In The Volatility Smile book by Derman & Miller at pag. 113, I don't understand the statistical uncertainty in the measurements of volatility and how to interpret the notation.
The authors state that the volatility of the hedging error is, approximately,
$$ \sigma_{HE} \approx \frac{\sigma}{\sqrt n}\frac{\partial C}{\partial \sigma} $$
Then to interpret it, they write:
Suppose we measure the volatility of one lognormal stock process by taking n discrete measurements of the price. The statistical uncertainty in the measurement of the volality estimate is $d\sigma=\sigma/\sqrt n$. [...]
My questions:
- How can I link the "differential" $d\sigma$ to the statistical uncertainty?
- How can I calculate it?
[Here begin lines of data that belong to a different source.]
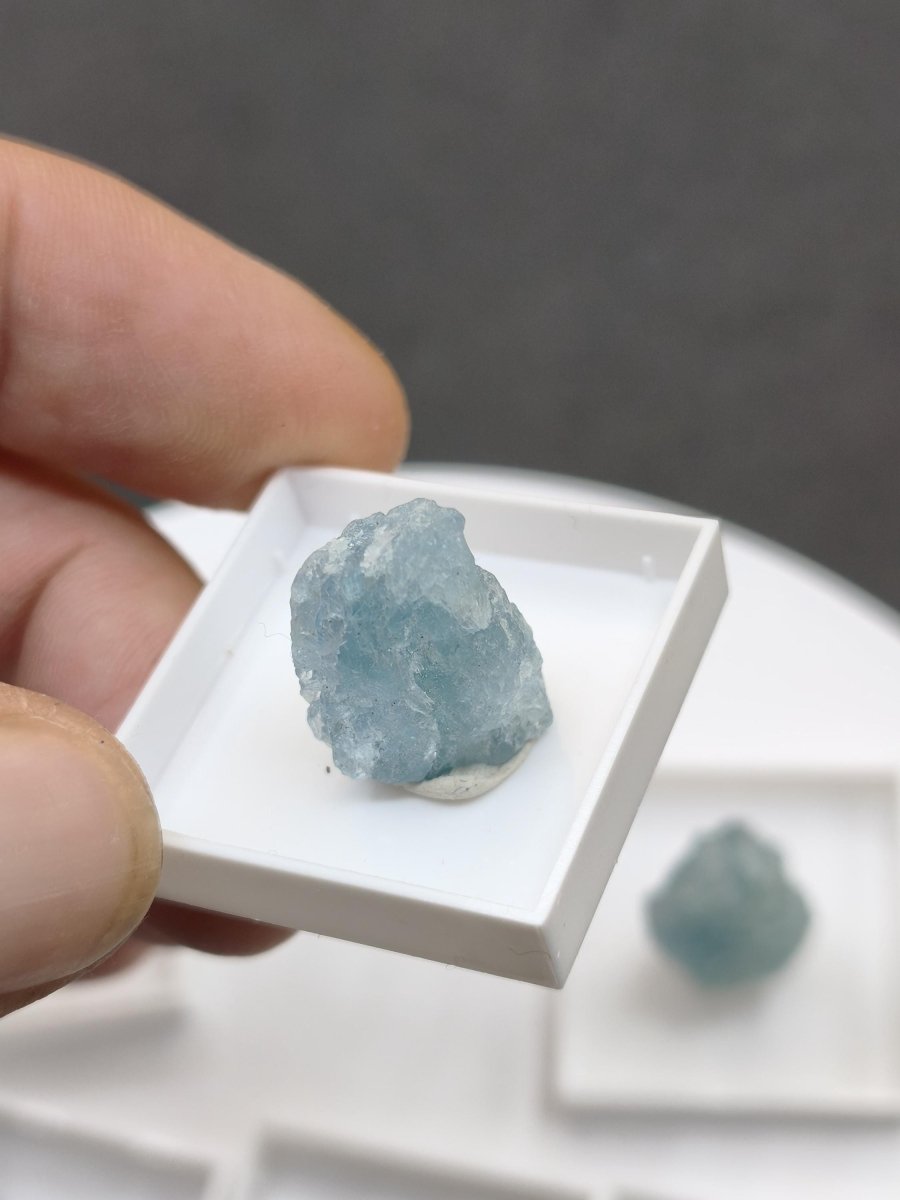 Aquamarin Rohkristall aus Sambia – Naturbelassener blauer Beryll Stufe Mineralien Sammler Heilstein Deko Geschenk Kristall - Art of Nature Berlin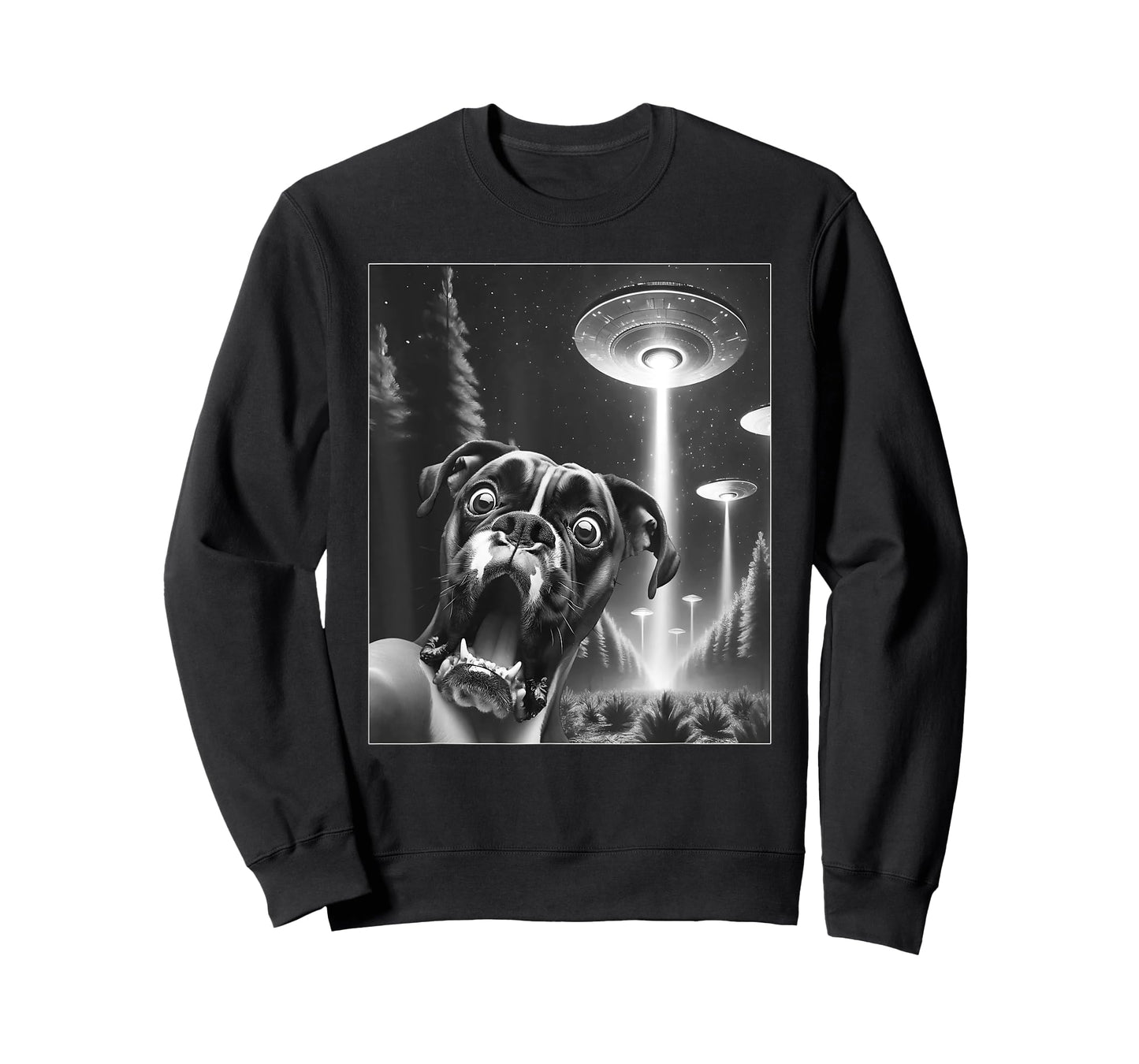 Funny Boxer Dog Alien UFO Taking a Selfie Dog Mom Dad Men Women Girls Kids T-Shirt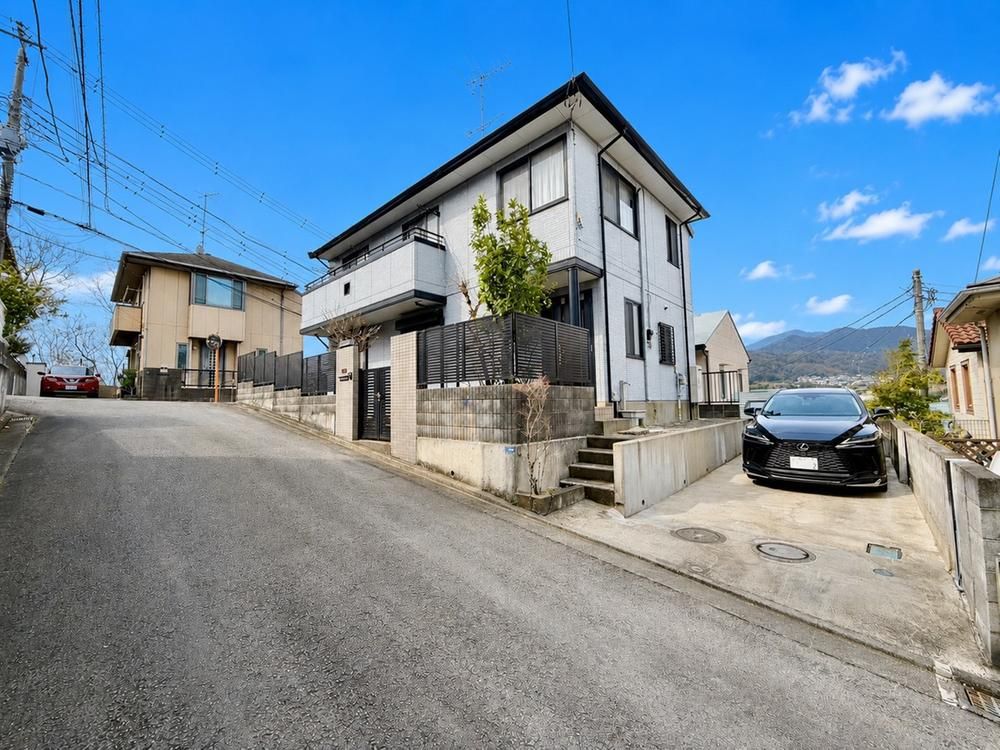 4LDK House for Sale in Hadano, Kanagawa - 127.84 sqm - Thumbnail 2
Is it simply related to the fact that $E[r_i^2]=\sigma^2$ and to estimated to variance one takes the averages of the n squared log-returns $r_i$ and then you calculate the variance of the variance?
Maybe my doubts are trivial or due to a lack of understanding the notation. I don't know.
Please, let me know if further details are needed. Thanks for your help.
Edit: possible answers to be checked
Assuming $r_i$ to be zero mean and with $\sigma^2$ variance log-returns.
$\sigma$ is a constast in the usual BSM setting. So, if we are estimating it, how much could this costant move by? It could move by its estimation error.
An estimate of the variance (square of volatility) could be $\bar \sigma^2 = n^{-1}\sum_{i=1}^{n}r_i^2$. Its expected value is $\sigma^2$ and its variance (measurement error) is $\sigma^2/n$ Thus, without taking in consideration the Jensen effect, the measurement error of the volatility is the square root of $\sigma^2/n$, that is $\sigma/\sqrt n$.